Das gibt es immer wieder, dass einzelne Unternehmen eine beherrschende Stellung auf dem Markt haben. Partnerfirmen sind der deutlich kleinere Teil aller an der Baselworld tätigen Firmen. Ausser dort, wo es um Sicherheitsfragen geht. Persönlich kenne ich zwei Innendekorateure, die arbeiten seit der Lehre in der Messe, immer bei der gleichen Firma, die kein Partner ist und gleichwohl genug Aufträge erhält.

Es handelt sich hier auch um eine neue Entwicklung.

Da müssen wir achtgeben. Wenn es eine wirkliche Verdrängung des lokalen Gewerbes geben würde, dann wäre es eine andere Situation.

Wann ist der kritische Punkt ­erreicht?

Das ist schwierig zu sagen. Das Partnersystem hat für mich Vorteile, aber der Lokalaspekt spielt natürlich eine Rolle. Der grössere Teil der Betriebe, die an der Messe arbeiten, muss lokal bleiben. Wenn sie vernünftige Preise verlangen, müssten die örtlichen Firmen zum Zug kommen. Es gibt natürlich mittlerweile auch solche, die völlig überrissene Offerten stellen.

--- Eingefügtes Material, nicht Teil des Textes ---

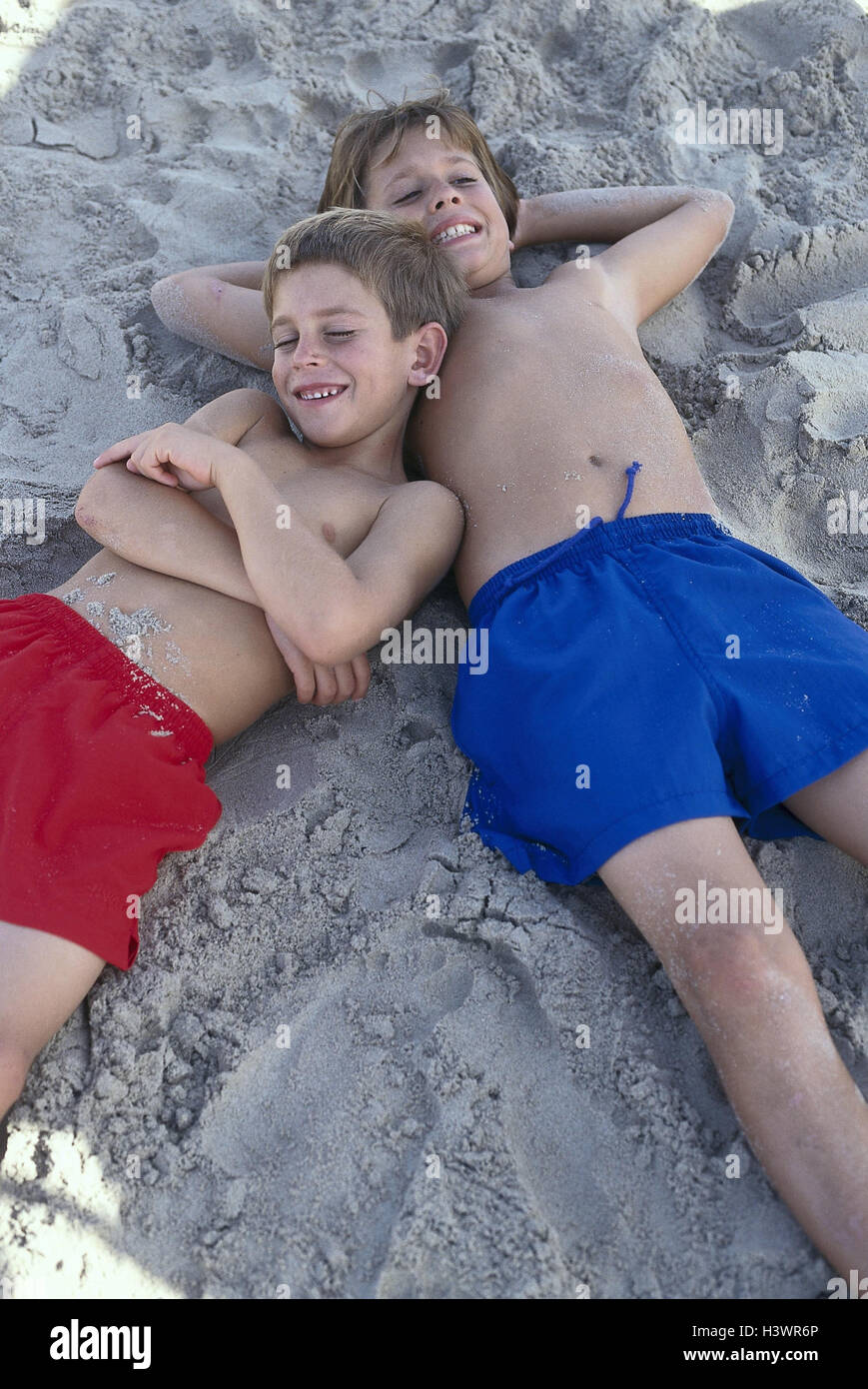 Sandy beach, boy, shade, lie, rest, very close, outside, beach, Sand, vacation, holidays, leisure time, childhood, friends, siblings, brothers, children, 7 + 10 years, happy, rest, take it easy, relaxing, recreation, swimming trunks, swimwear Stock Photo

Apropos kritisch: Baselworld-­Chefin Sylvie Ritter und der Architekt Dany Waldner sind ein Paar. Waldner erhält anscheinend alle Aufträge für Neubauten. Ist das nicht Vetterliwirtschaft?

Waldner arbeitet schon lange bei der Messe, die private Beziehung mit Ritter kam erst später. Er kennt den Betrieb, er kennt die Leute. Jetzt können Sie sagen, gut, er und Sylvie Ritter haben geheiratet, jetzt müssen wir ihm den Auftrag wegnehmen. Problematisch würde es, wenn plötzlich Aufträge in neuen Feldern dazukommen würden.

Also sehen Sie alles in allem ­keinen Handlungsbedarf?

Für mich als Verwaltungsrat ist wichtig, dass der Messeplatz Basel seine Bedeutung behält. Das ist meine primäre Aufgabe. Und dann muss der Verwaltungsrat eine Geschäftsleitung wählen, der er vertraut. Eine andere Rolle scheint mir schwierig.